> [Task objective] Using the records below, output the stretch that opens with the line containing "LCW Jeans Gri" and closes with the line containing "舘養蜂場本店 九華はちみつ 130g×6本", exactly and including both lines, with nothing more.

> [Working data]
********************
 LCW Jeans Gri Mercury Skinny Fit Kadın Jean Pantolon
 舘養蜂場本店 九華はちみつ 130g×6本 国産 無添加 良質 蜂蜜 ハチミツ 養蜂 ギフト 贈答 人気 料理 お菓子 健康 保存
********************
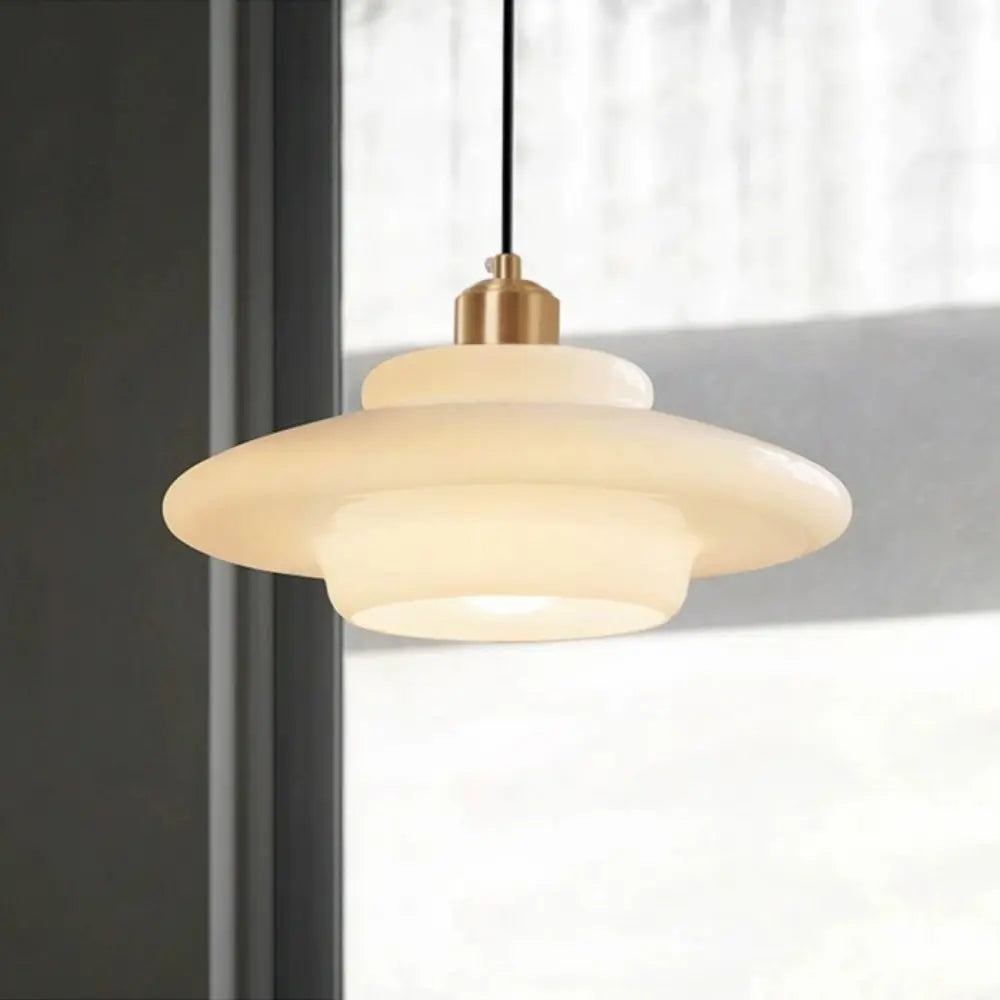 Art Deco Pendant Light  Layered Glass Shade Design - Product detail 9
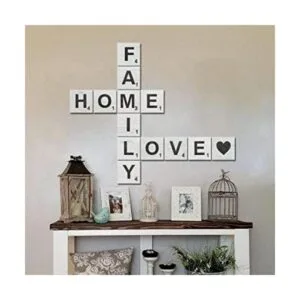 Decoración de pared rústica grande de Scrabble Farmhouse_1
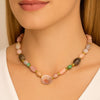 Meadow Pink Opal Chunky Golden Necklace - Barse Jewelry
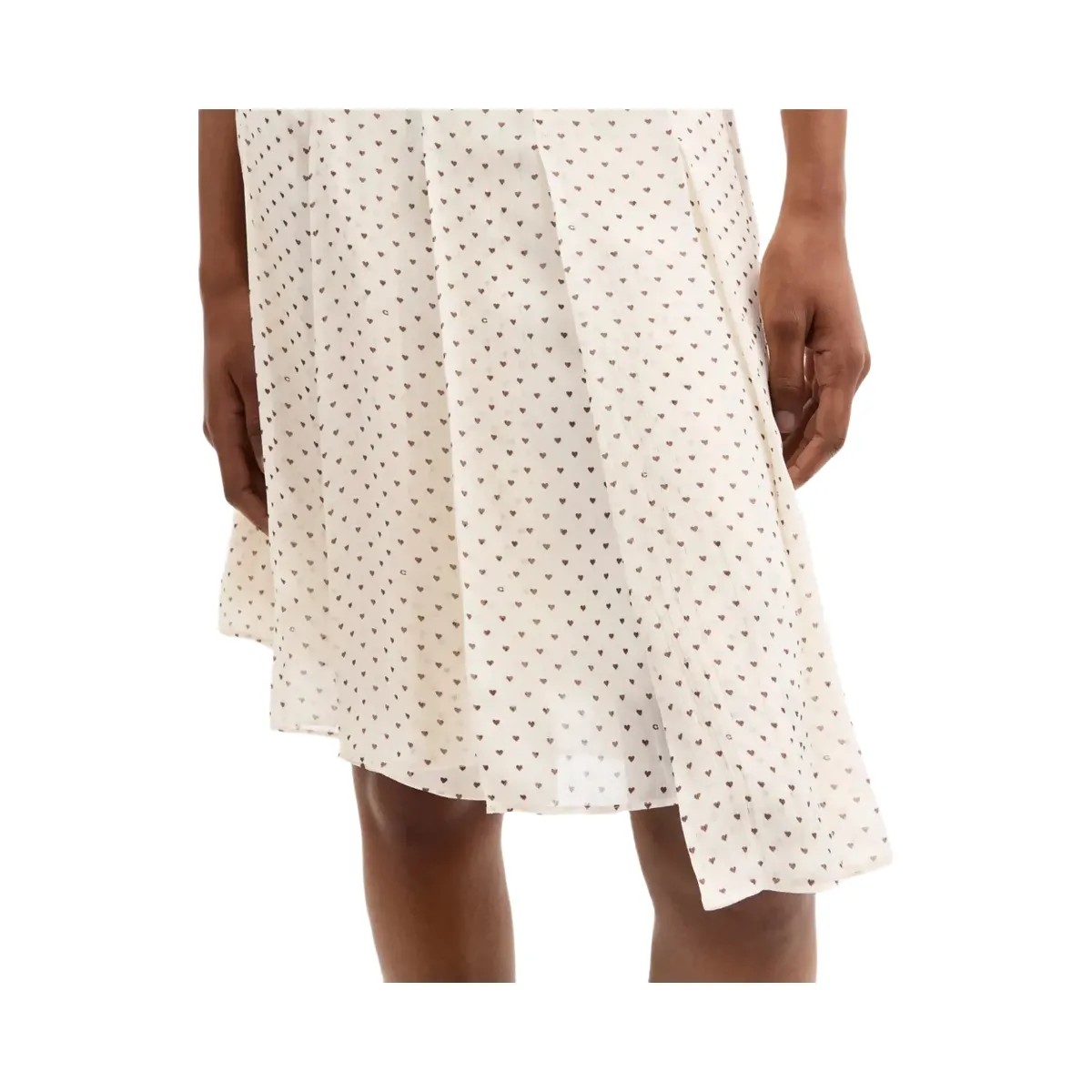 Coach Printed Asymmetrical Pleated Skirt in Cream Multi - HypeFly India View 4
********************
> [Result below]
 LCW Jeans Gri Mercury Skinny Fit Kadın Jean Pantolon
 舘養蜂場本店 九華はちみつ 130g×6本 国産 無添加 良質 蜂蜜 ハチミツ 養蜂 ギフト 贈答 人気 料理 お菓子 健康 保存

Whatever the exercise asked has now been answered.